YOUR TASK: The lines to print run from the top of the material below to the line with "Vixdonos Natural Stone", inclusive; please copy them exactly, without pictures.

━━ GIVEN INFORMATION

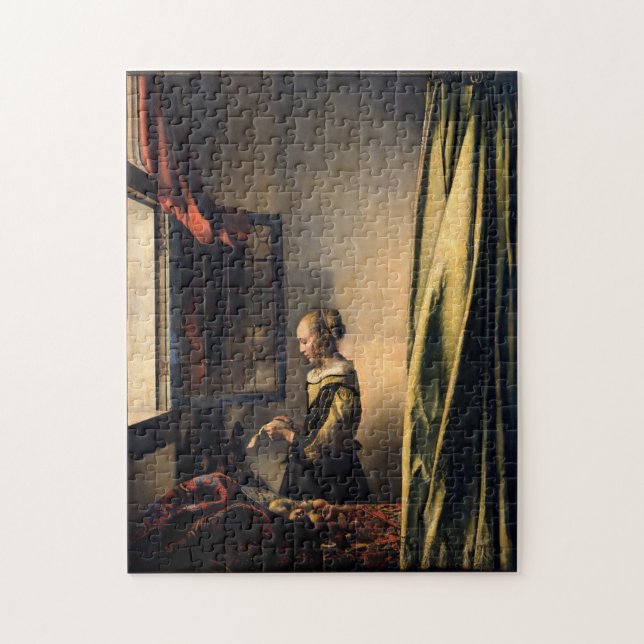 Quebra-cabeça Vermeer - Rapariga lendo uma carta em uma janela a (Vertical)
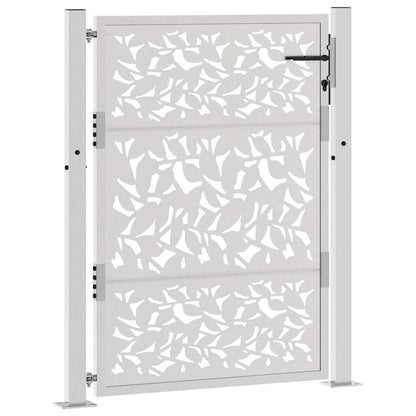 Hageport 105x130 cm oksidert stål bladdesign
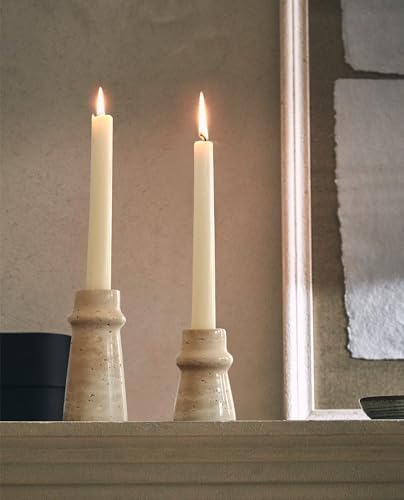 Vixdonos Natural Stone Candle Holder Set of 2 Taper Candle Candlestick Mantle Candle Stand for Home Decor,Wedding,Party and Table Centerpieces(White) - Image 4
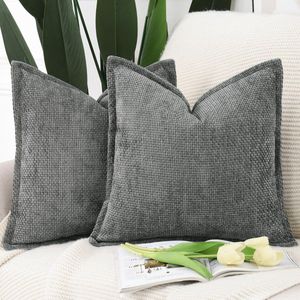 Inovra ® Set van 2 fluwelen kussenhoezen, zachte decoratieve sierkussenhoezen, moderne kussenhoezen voor bank, woonkamer, slaapkamer, donkergrijs, 50 x 50 cm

━━━━

RESPONSE TO THE EXERCISE:
 Quebra-cabeça Vermeer - Rapariga lendo uma carta em uma janela a (Vertical)
 Hageport 105x130 cm oksidert stål bladdesign
 Vixdonos Natural Stone Candle Holder Set of 2 Taper Candle Candlestick Mantle Candle Stand for Home Decor,Wedding,Party and Table Centerpieces(White) - Image 4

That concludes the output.